Yet another weakly defined bug report

Ketil Z. Malde ketil@ii.uib.no
14 Feb 2003 09:50:07 +0100


Dean Herington <heringto@cs.unc.edu> writes:

> "Ketil Z. Malde" wrote:

>> -- | add data from a file to the histogram
>> addFile :: FiniteMap String Int -> String -> IO (FiniteMap String Int)
>> addFile fm name = do
>>             x <- readFile name
>>             return (addHist fm x)

I changed this to read x strictly, but it turned out that wasn't quite
enough.  See below.

>> -- | add data from all files in a directory to the histogram
>> addDir :: FiniteMap String Int -> String -> IO (FiniteMap String Int)
>> addDir fm dir = do
>>           dc <- getDirectoryContents dir
>>           fs <- filterM doesFileExist (map ((dir++"/")++) dc)
>>           foldM addFile fm fs

>> addHist :: FiniteMap String Int -> String -> FiniteMap String Int
>> addHist fm = foldl add1 fm . words
>>    where add1 f w = case lookupFM f w of
>>                                Just n -> addToFM f w (n+1)
>>                                Nothing -> addToFM f w 1

> The string won't be evaluated until the finite map is demanded.  None of the
> code you've shown so far makes that demand.

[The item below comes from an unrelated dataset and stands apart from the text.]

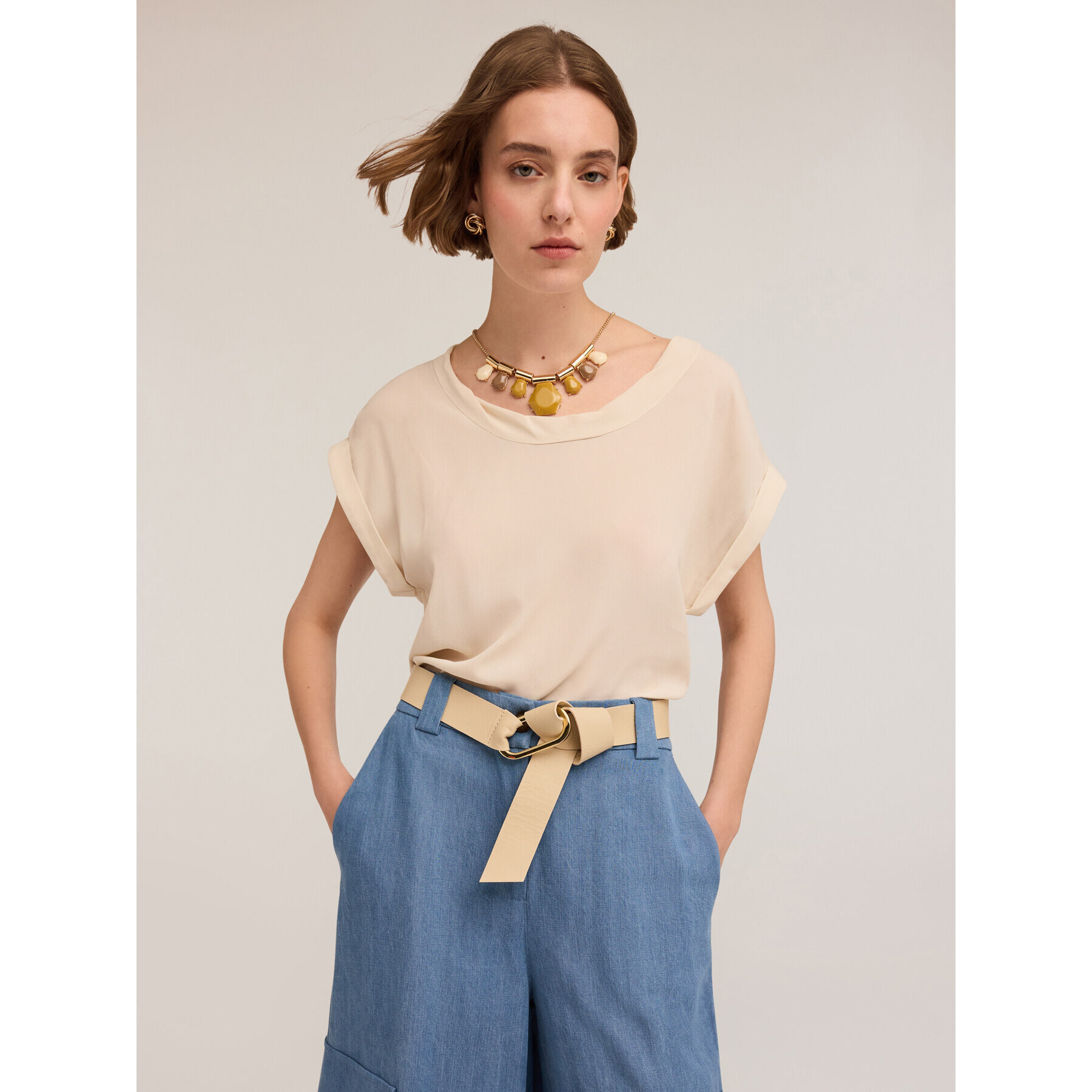 Motivi - Blusa con borde retorcido - Blanco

[I'll leave my ramblings here, skip to the ==== for the solution]

Right.  But if I do

        f <- addFile emptyFM "foo"
        
then no IO should be performed either, right?  And when I later do

        print (head . fmToList f)

the whole FM needs to be computed, no?

If this is unsound (too lazy) in any way, I don't see it.  How much
memory can I expect an FM to consume, anyway?  I would expect
something like 

        (log n * sizeof(branch node)) + n*sizeof(key+element)

Which should be roughly equivalent to n*sizeof(key+element), which in
my case (building a frequency count for words) should be roughly
equivalent to the number of different words times their average
length (times 8 bytes per character in a list).  Is this far off?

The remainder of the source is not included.